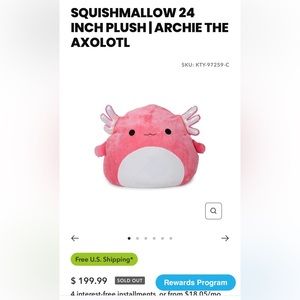 Squishmallow 24 Inch Hot Pink Archie the Axolotl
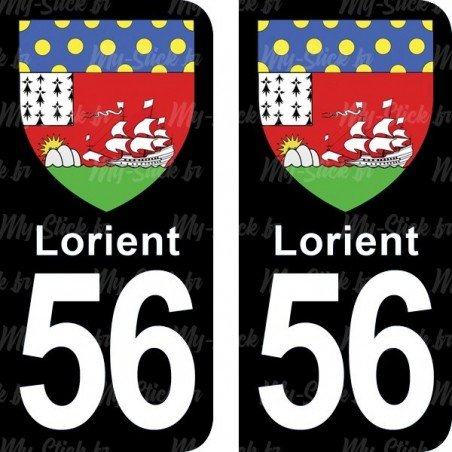 Blason Lorient - Stickers plaque immatriculation 56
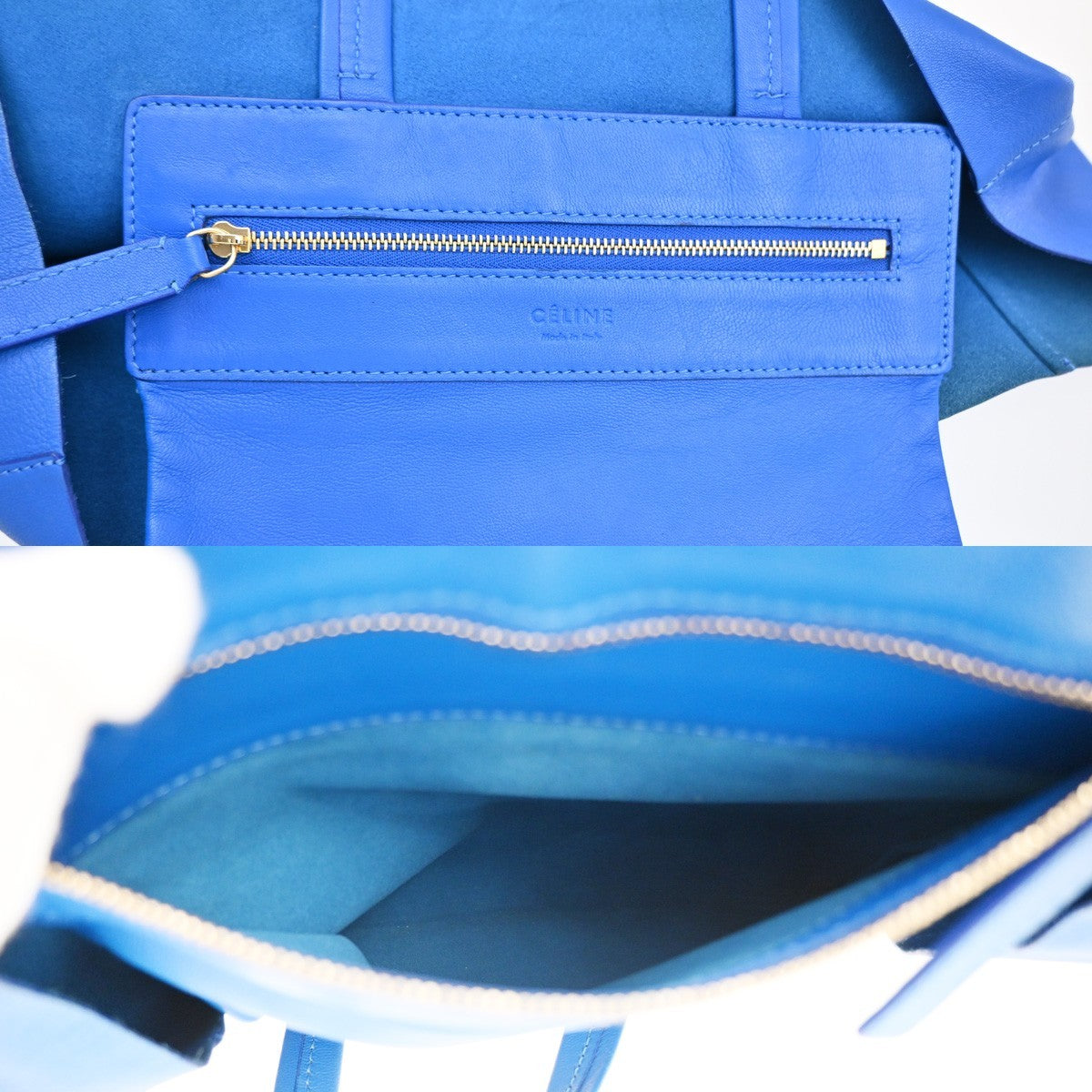 CELINE Horizontal Cabas Hand Tote Bag Bicolor Leather Blue Beige 38YJ129
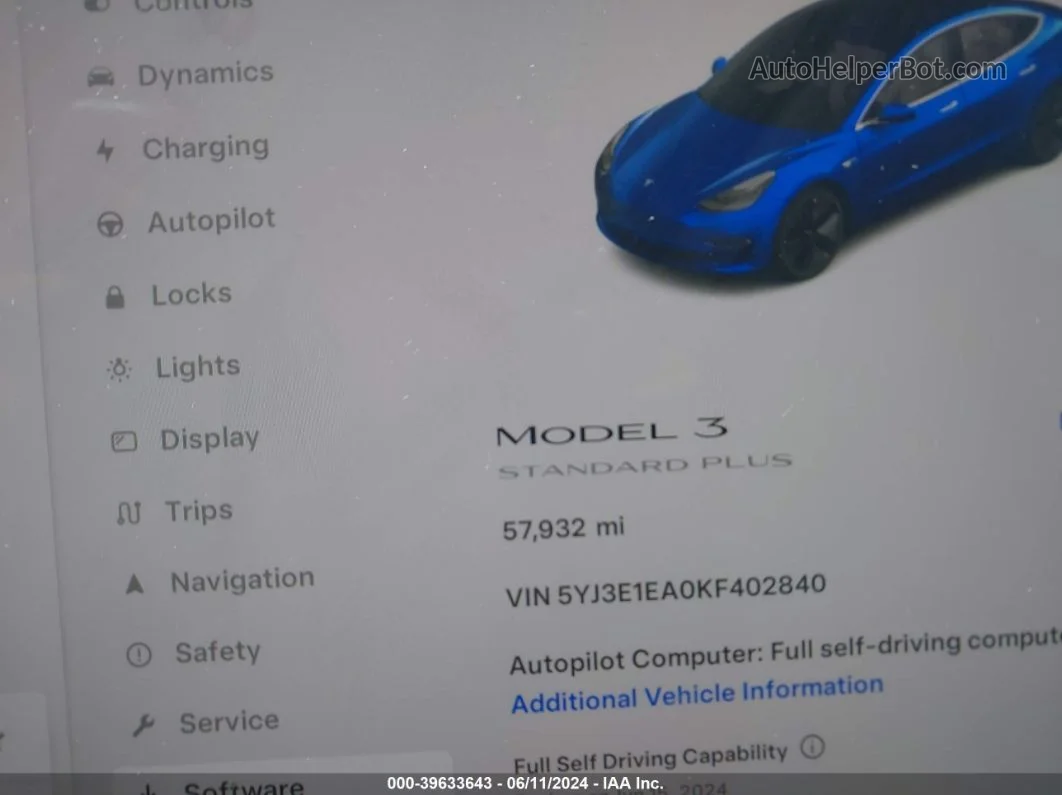 2019 Tesla Model 3 Long Range/mid Range/standard Range/standard Range Plus Blue vin: 5YJ3E1EA0KF402840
============================================================
- [PROBLEM TO SOLVE]: Each line above must be set down exactly, though no picture should be carried over.

- [SOLVED PROBLEM]:
 Squishmallow 24 Inch Hot Pink Archie the Axolotl
 Blason Lorient - Stickers plaque immatriculation 56
 CELINE Horizontal Cabas Hand Tote Bag Bicolor Leather Blue Beige 38YJ129
 2019 Tesla Model 3 Long Range/mid Range/standard Range/standard Range Plus Blue vin: 5YJ3E1EA0KF402840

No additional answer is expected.